Buone notizie. Con queste iniziamo la chiacchierata con Alessandro Simonetti, titolare African Explorer. La prima domanda, di rito, è sul trend di vendite, e il manager ci dice che i primi mesi dell’anno sono andati “decisamente bene. Le vendite hanno fatto registrare un aumento del 35% rispetto all'anno scorso. Bisogna certo spiegare che il 2015 è stato funestato dal problema Ebola, ma l'aumento vuol dire che siamo tornati ai livelli di 2 anni fa”.
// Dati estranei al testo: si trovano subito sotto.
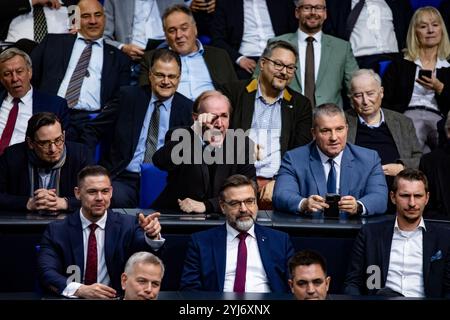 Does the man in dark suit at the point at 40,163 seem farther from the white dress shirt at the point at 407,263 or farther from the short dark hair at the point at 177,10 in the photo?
the white dress shirt at the point at 407,263

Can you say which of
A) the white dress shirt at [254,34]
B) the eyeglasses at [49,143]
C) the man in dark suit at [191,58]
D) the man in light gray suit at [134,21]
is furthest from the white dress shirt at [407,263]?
the man in light gray suit at [134,21]

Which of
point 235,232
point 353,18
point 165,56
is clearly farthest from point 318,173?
point 353,18

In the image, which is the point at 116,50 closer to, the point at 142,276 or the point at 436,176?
the point at 436,176

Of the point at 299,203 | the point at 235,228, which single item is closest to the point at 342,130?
the point at 299,203

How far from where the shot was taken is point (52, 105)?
7.97 metres

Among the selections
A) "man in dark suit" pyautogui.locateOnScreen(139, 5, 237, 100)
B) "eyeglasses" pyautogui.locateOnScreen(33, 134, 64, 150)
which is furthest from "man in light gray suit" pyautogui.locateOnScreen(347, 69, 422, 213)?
"eyeglasses" pyautogui.locateOnScreen(33, 134, 64, 150)

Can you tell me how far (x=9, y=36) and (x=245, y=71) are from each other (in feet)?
5.41

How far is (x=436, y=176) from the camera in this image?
7.41m

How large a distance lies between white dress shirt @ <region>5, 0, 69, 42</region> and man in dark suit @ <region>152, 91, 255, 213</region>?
195 centimetres

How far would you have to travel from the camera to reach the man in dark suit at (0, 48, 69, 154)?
7949mm

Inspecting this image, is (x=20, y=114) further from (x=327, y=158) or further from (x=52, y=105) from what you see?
(x=327, y=158)

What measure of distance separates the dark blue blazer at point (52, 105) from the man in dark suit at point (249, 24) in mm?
1413

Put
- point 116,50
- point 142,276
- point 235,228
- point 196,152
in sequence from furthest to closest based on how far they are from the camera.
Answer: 1. point 116,50
2. point 196,152
3. point 235,228
4. point 142,276

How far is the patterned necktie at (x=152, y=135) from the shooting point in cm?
789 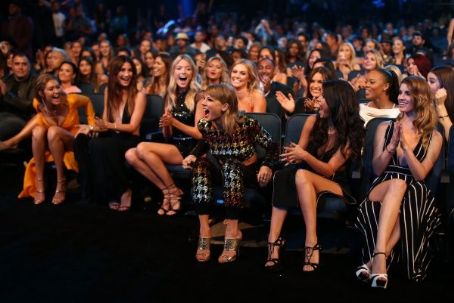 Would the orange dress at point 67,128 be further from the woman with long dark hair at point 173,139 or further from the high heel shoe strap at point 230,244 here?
the high heel shoe strap at point 230,244

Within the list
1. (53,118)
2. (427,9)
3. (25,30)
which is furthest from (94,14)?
(53,118)

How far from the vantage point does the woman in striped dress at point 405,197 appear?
3.95 meters

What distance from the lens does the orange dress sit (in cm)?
603

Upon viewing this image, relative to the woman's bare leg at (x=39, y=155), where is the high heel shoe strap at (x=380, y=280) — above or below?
below

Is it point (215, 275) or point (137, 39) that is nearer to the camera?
point (215, 275)

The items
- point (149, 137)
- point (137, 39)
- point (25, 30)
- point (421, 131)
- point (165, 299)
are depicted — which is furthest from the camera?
point (137, 39)

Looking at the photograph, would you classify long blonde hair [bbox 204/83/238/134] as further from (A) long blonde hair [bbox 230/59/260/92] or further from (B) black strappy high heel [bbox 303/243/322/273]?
(A) long blonde hair [bbox 230/59/260/92]

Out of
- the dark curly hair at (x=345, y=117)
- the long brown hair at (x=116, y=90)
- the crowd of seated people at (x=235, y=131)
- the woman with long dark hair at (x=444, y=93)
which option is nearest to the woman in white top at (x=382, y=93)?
the crowd of seated people at (x=235, y=131)

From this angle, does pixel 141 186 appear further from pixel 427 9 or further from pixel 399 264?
pixel 427 9

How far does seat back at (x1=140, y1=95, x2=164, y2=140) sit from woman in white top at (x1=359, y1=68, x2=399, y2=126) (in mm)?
1853

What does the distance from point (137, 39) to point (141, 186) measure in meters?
10.7

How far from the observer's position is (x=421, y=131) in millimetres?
4098

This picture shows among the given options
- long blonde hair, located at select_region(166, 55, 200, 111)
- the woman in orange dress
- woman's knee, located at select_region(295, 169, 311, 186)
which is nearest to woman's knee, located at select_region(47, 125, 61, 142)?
the woman in orange dress

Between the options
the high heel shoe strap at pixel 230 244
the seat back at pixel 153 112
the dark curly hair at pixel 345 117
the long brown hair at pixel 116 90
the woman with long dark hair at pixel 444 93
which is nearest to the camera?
the dark curly hair at pixel 345 117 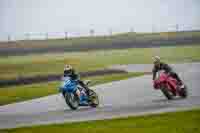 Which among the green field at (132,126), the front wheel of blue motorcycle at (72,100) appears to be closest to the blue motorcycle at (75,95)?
the front wheel of blue motorcycle at (72,100)

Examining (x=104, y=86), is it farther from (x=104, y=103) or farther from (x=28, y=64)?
(x=28, y=64)

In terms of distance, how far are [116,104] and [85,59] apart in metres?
0.59

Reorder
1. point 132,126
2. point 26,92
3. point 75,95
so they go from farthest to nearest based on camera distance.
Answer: point 75,95
point 26,92
point 132,126

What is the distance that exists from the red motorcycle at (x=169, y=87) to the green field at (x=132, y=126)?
34cm

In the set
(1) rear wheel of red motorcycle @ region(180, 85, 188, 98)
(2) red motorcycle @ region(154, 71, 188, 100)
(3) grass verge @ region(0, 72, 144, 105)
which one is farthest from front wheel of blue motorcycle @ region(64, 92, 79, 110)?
(1) rear wheel of red motorcycle @ region(180, 85, 188, 98)

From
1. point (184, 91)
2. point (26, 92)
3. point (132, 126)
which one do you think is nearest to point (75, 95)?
point (26, 92)

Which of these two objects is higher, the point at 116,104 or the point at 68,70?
the point at 68,70

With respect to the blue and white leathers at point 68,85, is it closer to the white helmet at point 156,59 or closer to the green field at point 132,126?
the green field at point 132,126

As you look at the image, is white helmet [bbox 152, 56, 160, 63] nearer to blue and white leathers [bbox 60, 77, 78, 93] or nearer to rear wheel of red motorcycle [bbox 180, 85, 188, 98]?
rear wheel of red motorcycle [bbox 180, 85, 188, 98]

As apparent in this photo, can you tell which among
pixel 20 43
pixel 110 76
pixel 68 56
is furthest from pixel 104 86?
pixel 20 43

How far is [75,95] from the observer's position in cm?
612

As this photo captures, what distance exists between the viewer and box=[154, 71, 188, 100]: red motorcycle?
6160 mm

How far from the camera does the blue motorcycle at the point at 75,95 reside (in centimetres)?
603

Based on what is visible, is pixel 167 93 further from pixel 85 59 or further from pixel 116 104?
pixel 85 59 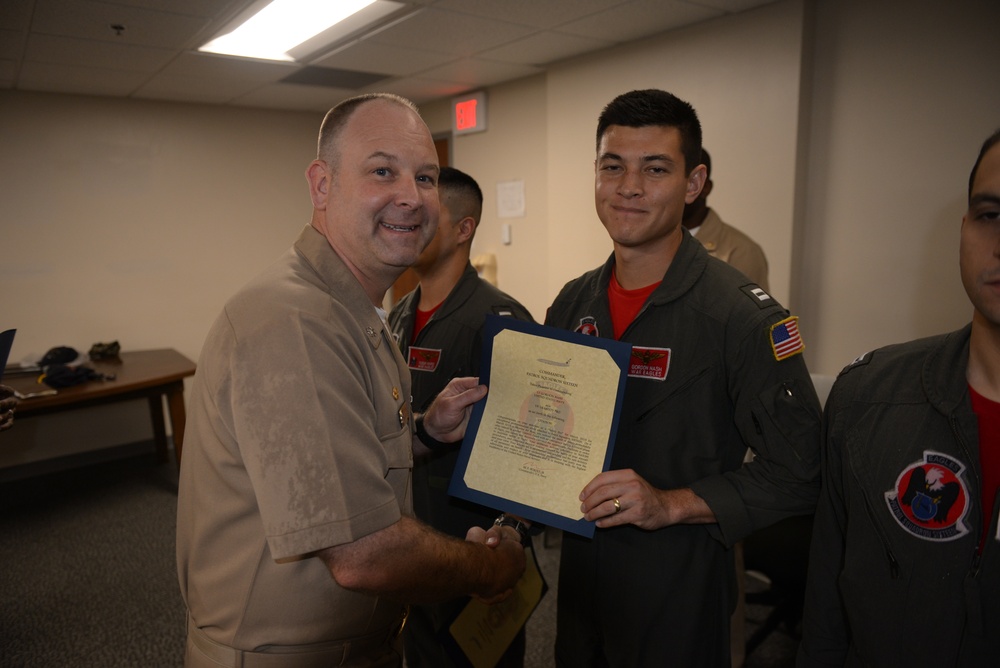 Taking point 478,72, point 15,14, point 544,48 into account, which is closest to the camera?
point 15,14

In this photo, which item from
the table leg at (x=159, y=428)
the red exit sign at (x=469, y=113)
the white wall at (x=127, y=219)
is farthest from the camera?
the red exit sign at (x=469, y=113)

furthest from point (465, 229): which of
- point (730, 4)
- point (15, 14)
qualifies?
point (15, 14)

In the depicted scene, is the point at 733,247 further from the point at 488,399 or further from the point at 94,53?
the point at 94,53

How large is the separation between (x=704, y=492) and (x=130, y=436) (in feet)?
17.5

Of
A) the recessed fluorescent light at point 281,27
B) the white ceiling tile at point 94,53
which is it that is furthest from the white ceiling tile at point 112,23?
the recessed fluorescent light at point 281,27

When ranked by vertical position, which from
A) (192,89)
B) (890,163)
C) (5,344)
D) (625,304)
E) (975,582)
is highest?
(192,89)

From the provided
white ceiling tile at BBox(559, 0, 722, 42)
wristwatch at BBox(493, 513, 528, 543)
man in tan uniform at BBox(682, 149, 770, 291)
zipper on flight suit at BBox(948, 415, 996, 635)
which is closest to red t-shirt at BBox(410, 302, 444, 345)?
wristwatch at BBox(493, 513, 528, 543)

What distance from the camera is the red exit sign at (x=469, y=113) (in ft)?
17.1

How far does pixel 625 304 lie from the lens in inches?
57.8

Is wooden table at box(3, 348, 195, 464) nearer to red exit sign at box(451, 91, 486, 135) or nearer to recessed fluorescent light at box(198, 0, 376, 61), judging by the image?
recessed fluorescent light at box(198, 0, 376, 61)

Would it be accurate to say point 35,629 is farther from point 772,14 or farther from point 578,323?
point 772,14

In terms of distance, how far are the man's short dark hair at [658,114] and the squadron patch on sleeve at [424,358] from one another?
37.6 inches

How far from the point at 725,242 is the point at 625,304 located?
178cm

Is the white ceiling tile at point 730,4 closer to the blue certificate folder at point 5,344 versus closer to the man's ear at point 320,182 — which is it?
the man's ear at point 320,182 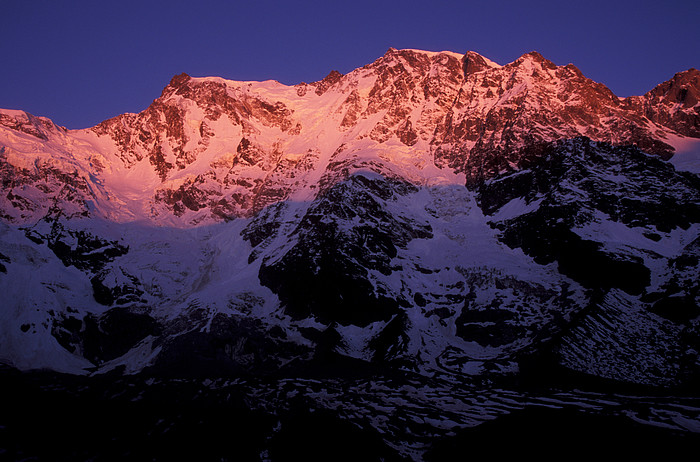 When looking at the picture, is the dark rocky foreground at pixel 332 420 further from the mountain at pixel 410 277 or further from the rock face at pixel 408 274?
the rock face at pixel 408 274

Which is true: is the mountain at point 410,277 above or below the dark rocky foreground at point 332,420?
above

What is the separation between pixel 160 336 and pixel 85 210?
223 feet

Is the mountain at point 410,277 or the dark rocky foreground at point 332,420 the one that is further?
the mountain at point 410,277

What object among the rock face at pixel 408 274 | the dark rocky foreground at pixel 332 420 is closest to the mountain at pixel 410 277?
the rock face at pixel 408 274

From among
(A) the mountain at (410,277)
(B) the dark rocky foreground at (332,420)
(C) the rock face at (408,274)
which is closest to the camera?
(B) the dark rocky foreground at (332,420)

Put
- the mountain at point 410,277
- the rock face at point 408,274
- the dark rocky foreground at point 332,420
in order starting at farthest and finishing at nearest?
the rock face at point 408,274
the mountain at point 410,277
the dark rocky foreground at point 332,420

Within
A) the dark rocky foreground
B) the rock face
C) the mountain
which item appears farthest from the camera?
the rock face

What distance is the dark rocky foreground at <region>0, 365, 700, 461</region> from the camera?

E positiva si preannuncia anche l’estate: “Il numero di richieste di quotazioni è il più alto mai registrato in assoluto, e quindi tutto fa supporre che sarà un’estate serena”. Nota dolente una meta che certo non meriterebbe di esserlo, il Kenya, che vede il t.o. tra i maggiori conoscitori. “Kenya questo sconosciuto… – rimarca Simonetti -. Come è noto non condivido la politica che promuove il Kenya come destinazione mare tramite l’uso di charter, che anzi considero dannosi per una sana crescita turistica del Paese, che invece sarebbe meta ideale per i safari. Credo pertanto che, se non ci saranno radicali cambi di rotta nella promozione della destinazione, questa sparirà dalla mappa geografica turistica mondiale, almeno per il safari”. Uno sguardo sul prodotto consente di parlare di novità, relative a Etiopia e Uganda. Nel primo Paese, sul fronte viaggi individuali, si segnala il nuovo itinerario “Easy Etiopia in volo”, di 9 giorni e 6 notti, per minimo due passeggeri. Per i viaggi di gruppo “abbiamo un nuovo fornitore che offre una serie di partenze a data fissa, trasferimenti in minibus e guida multilingua parlante italiano, confermabili con un minimo di due partecipanti”. Tre le proposte: “Invito all'Etiopia” e “Valle dell'Omo”, entrambi di 12 giorni e 9 notti, e “Il meglio dell'Etiopia”, di 17 giorni e 14 notti. Per l’Uganda novità riguardano “Invito all'Uganda”, di 10 giorni e 7 notti, per cui “abbiamo fatto rivedere la quotazione e ora abbiamo partenze (settimanali) con un minimo 2 persone”, scelta che lo rende più vendibile di prima, quando era base 4 persone, anche se con prezzo leggermente inferiore. “Abbiamo due nuovi itinerari di tipo overland con trasferimenti a bordo di una camionetta rialzata, adattata ed equipaggiata per muoversi agevolmente e in comfort per i passeggeri”. I tour, di 10 giorni e 7 notti, prevedono gruppi internazionali e guide autisti parlanti inglese: “Overland Uganda”, con pernottamenti in campo tendato e partecipazione alle attività da campo, e “Easy Uganda”, con pernottamenti in hotel e lodge di categoria turistica.
Per il trade il t.o. ha potenziato la rete di venditori, che ora sono 6 e coprono tutto il Nord Italia ed il Centro, fino al Lazio.